● **Try it**:
Among the records that follow, set down only the lines from the one containing "So if you have" to the one containing "Thank you for attending", both included, exactly.

(Saved data entries)

***

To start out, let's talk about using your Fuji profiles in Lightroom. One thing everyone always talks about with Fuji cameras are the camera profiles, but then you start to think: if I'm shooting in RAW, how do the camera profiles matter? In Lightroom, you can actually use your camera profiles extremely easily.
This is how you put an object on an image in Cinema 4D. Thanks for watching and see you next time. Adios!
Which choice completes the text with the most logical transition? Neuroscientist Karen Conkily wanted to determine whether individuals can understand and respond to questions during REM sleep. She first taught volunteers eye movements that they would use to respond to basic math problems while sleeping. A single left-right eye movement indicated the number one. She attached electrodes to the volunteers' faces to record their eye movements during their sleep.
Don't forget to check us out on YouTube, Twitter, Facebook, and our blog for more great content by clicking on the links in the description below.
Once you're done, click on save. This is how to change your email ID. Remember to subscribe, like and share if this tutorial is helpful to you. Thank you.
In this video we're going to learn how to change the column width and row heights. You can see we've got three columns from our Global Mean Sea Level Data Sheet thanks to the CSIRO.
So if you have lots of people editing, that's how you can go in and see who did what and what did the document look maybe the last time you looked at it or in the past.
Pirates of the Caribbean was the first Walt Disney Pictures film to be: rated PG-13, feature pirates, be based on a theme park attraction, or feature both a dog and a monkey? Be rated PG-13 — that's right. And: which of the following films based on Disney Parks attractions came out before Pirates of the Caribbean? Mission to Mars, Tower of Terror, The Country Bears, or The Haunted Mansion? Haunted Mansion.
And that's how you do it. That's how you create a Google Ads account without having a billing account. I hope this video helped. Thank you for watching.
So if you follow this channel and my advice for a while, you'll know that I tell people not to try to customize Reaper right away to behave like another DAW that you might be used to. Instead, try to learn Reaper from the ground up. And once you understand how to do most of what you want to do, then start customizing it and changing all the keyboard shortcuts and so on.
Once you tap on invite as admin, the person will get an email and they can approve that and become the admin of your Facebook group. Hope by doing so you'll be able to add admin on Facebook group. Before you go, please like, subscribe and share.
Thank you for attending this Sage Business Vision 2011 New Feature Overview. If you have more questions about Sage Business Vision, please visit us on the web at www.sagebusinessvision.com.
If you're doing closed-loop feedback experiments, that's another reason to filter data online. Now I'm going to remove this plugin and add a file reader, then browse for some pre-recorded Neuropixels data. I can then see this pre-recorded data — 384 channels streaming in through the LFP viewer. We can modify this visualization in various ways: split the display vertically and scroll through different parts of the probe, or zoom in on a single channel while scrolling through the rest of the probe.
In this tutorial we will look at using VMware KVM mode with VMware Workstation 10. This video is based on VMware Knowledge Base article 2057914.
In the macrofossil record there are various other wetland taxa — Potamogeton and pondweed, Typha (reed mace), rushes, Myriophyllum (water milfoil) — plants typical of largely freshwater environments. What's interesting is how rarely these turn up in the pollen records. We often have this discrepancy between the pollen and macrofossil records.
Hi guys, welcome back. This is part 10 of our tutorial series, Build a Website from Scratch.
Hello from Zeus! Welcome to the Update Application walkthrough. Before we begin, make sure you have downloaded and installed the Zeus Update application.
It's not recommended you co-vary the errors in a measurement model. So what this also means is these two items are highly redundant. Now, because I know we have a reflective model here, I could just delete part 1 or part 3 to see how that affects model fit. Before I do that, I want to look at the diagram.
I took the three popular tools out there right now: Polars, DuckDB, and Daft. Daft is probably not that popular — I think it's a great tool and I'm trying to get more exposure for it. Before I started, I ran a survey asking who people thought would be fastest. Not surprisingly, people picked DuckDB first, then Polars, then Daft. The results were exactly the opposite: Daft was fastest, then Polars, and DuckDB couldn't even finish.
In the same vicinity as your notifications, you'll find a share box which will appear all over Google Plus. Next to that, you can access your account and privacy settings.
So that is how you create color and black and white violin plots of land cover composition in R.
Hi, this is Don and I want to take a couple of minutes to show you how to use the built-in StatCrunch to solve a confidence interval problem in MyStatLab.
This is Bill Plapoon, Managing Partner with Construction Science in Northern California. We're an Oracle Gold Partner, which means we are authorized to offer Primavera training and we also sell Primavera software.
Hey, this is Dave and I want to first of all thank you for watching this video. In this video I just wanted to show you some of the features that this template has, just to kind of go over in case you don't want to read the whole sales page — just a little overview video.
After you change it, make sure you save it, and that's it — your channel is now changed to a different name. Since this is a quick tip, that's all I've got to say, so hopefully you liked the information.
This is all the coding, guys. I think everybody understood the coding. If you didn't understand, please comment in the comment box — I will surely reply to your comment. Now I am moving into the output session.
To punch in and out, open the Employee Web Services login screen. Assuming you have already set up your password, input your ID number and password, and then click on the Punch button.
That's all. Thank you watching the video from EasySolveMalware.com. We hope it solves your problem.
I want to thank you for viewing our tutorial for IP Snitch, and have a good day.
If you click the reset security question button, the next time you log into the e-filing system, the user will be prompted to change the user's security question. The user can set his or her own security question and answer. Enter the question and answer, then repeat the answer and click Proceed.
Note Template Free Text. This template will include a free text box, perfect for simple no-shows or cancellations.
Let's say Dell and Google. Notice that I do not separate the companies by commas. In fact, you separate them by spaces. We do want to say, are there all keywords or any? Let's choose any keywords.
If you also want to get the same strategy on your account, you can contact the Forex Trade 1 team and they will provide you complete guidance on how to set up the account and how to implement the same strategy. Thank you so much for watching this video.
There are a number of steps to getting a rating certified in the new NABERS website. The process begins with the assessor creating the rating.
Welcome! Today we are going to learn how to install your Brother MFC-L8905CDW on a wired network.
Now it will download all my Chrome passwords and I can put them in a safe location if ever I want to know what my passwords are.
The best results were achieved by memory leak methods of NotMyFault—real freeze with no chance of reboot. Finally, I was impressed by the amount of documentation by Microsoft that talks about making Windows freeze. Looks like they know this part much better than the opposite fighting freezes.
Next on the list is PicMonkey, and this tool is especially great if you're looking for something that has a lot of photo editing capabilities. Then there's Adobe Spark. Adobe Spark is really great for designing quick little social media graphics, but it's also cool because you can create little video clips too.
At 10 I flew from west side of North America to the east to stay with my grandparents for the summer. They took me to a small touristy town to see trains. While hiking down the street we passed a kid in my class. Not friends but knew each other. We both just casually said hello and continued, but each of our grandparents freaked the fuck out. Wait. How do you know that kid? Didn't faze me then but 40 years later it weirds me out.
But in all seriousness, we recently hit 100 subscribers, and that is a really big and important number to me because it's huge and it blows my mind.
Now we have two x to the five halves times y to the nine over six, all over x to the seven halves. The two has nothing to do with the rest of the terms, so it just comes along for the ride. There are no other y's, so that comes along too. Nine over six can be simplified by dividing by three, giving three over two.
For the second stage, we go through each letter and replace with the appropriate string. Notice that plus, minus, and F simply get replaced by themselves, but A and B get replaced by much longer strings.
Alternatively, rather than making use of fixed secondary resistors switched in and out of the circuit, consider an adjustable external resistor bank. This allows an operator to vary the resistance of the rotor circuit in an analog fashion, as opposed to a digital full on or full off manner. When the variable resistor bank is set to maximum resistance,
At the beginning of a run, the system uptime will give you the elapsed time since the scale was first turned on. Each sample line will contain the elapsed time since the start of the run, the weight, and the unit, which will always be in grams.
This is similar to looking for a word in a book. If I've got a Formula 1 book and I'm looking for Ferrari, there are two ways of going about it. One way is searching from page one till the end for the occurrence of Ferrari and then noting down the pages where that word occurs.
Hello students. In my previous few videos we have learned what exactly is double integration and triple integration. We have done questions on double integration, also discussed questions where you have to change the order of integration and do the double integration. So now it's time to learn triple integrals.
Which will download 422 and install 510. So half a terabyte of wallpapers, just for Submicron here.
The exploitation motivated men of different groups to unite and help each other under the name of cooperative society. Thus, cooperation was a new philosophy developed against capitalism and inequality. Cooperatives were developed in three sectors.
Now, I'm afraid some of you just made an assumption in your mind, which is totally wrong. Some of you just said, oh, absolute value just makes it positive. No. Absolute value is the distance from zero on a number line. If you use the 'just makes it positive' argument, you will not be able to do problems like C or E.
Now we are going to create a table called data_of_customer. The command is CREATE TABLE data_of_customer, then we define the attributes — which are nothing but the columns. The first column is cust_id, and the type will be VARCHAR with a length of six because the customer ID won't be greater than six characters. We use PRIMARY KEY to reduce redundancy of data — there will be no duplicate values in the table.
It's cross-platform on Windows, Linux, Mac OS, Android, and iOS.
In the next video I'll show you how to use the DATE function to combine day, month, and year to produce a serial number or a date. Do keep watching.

***

● **Solution to this exercise**:
So if you have lots of people editing, that's how you can go in and see who did what and what did the document look maybe the last time you looked at it or in the past.
Pirates of the Caribbean was the first Walt Disney Pictures film to be: rated PG-13, feature pirates, be based on a theme park attraction, or feature both a dog and a monkey? Be rated PG-13 — that's right. And: which of the following films based on Disney Parks attractions came out before Pirates of the Caribbean? Mission to Mars, Tower of Terror, The Country Bears, or The Haunted Mansion? Haunted Mansion.
And that's how you do it. That's how you create a Google Ads account without having a billing account. I hope this video helped. Thank you for watching.
So if you follow this channel and my advice for a while, you'll know that I tell people not to try to customize Reaper right away to behave like another DAW that you might be used to. Instead, try to learn Reaper from the ground up. And once you understand how to do most of what you want to do, then start customizing it and changing all the keyboard shortcuts and so on.
Once you tap on invite as admin, the person will get an email and they can approve that and become the admin of your Facebook group. Hope by doing so you'll be able to add admin on Facebook group. Before you go, please like, subscribe and share.
Thank you for attending this Sage Business Vision 2011 New Feature Overview. If you have more questions about Sage Business Vision, please visit us on the web at www.sagebusinessvision.com.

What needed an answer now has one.